You can let one or more remote computers (hosts) handle the workload. StoSim will split the work into jobs and let the hosts do them when they are free.

There are two schedulers you can choose in the main configuration (stosim.conf) like this:

scheduler: pbs

The default scheduler is fjd, which uses the CPUs on your local machine or the ones in your local network (if they all have access to a shared home directory).

The other scheduler is pbs which is a major job description standard for computational clusters. If you use StoSim on such a cluster and choose this scheduler, then StoSim will write some extra configuration, such that the PBS system understands which jobs to run.

To check the status of your jobs and (if you use pbs scheduling) the state of computation nodes on the cluster), type

stosim –check

Both schedulers have extra configuration options which you might want to use, see Main configuration for details. If you use the fjd scheduler to not only do jobs on your local machine, but also in your LAN network, then you should read the two sections below.

The remote.conf file

If you use fjd and want to involve computers in your local network, you’ll need to extend the configuration with some information about the hosts in a separate file. StoSim will look for a file called remote.conf with information about hosts.
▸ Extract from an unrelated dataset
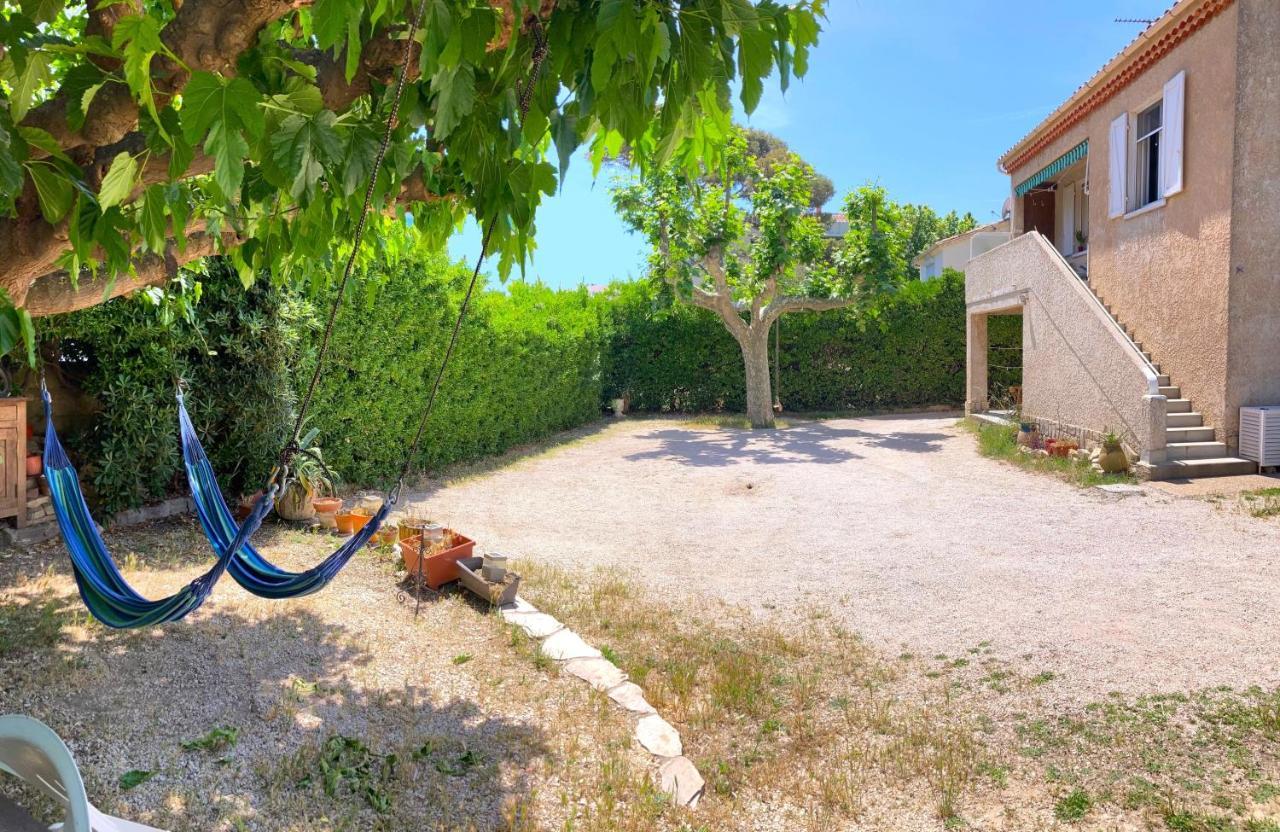 Blue Summer Vibes Apartment For 4P, Ac, Parking, Beach At 50M, Spa Access -1 Λα Σιοτά Εξωτερικό φωτογραφία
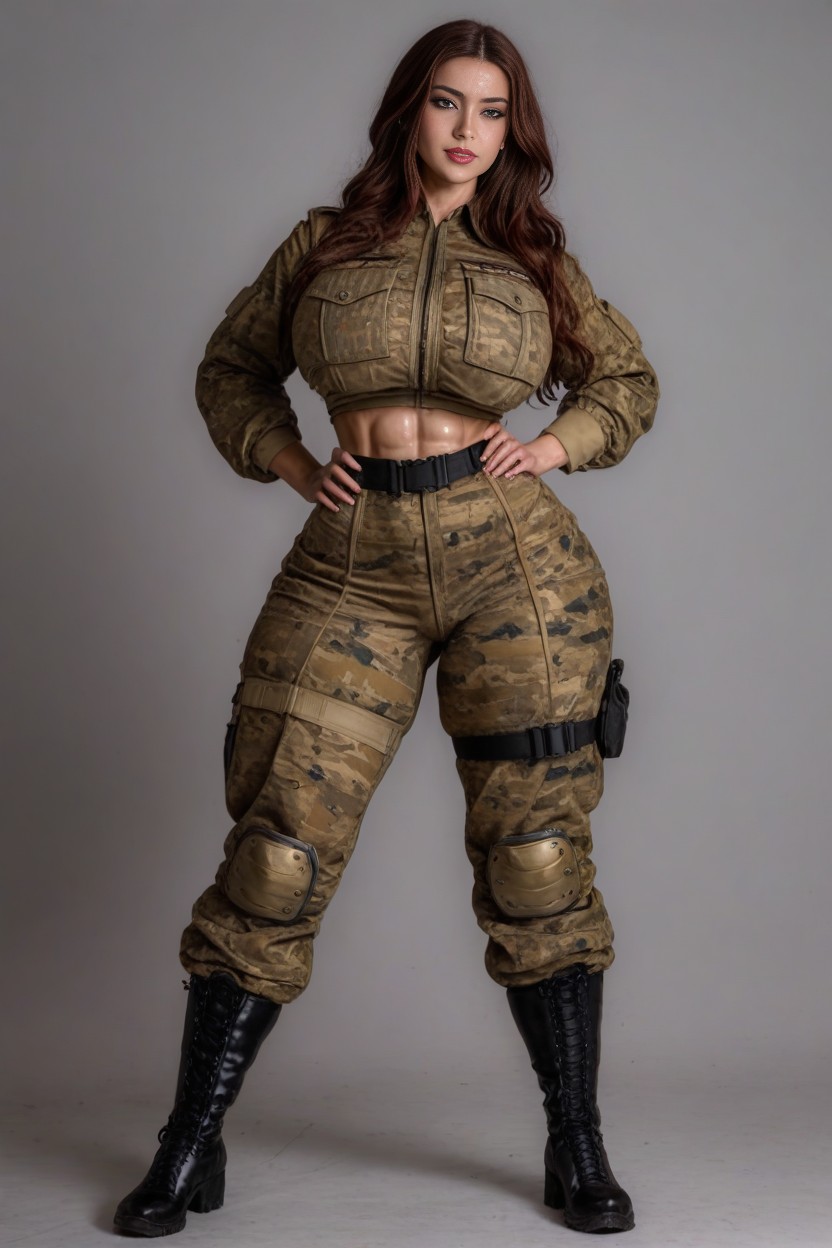 Full Body View, Curvy, Award Winning Photo AI Porn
Here is an example (go to Remote computer configuration for a full reference on the settings):

# Describe on which remote computers (hosts) to run this simulation.
# This is a separate file so you can keep your credentials apart from the project conf.
# The first two options (name and workers) are mandatory for each host.
[host1]
name: ssh.cwi.nl
workers: 2
nice: 5

You can rename examples/subsim/remote.conf.example to remote.conf and fill in some hosts in your network. When you run the Using subsimulations example, you should see it working.

Note

To find out how many cores (cpus) a computer has, you might want to use the UNIX-command mpstat -P ALL, which shows you current activity on all cores.

SSH Authentication

If you use fjd to involve machines in your local network, StoSim would need to ask you for your credentials on these hosts very often. This is annoying after a while, so it is a good idea to make use of the powers of SSH setup to enable paswordless authentication. There are many ways to ease your life: You can set up RSA keys to connect with the hosts, use the ControlPersist option in the SSH config file to keep connections alive (only OpenSSH >= 5.6) or simply have one SSH connection open somewhere and let SSH share it.

Note that StoSim could theoretically offer to store the passwords for hosts in the remote.conf file, but that is not a safe procedure by any means. Many smart people thought hard about the best ways to do it and we should use what they came up with.

When running remote simulations, make sure that the hosts are known in your ~/.ssh/known_hosts file. Simply connect to the servers once per manual SSH login, where SSH asks you if you want to add that server as a known host.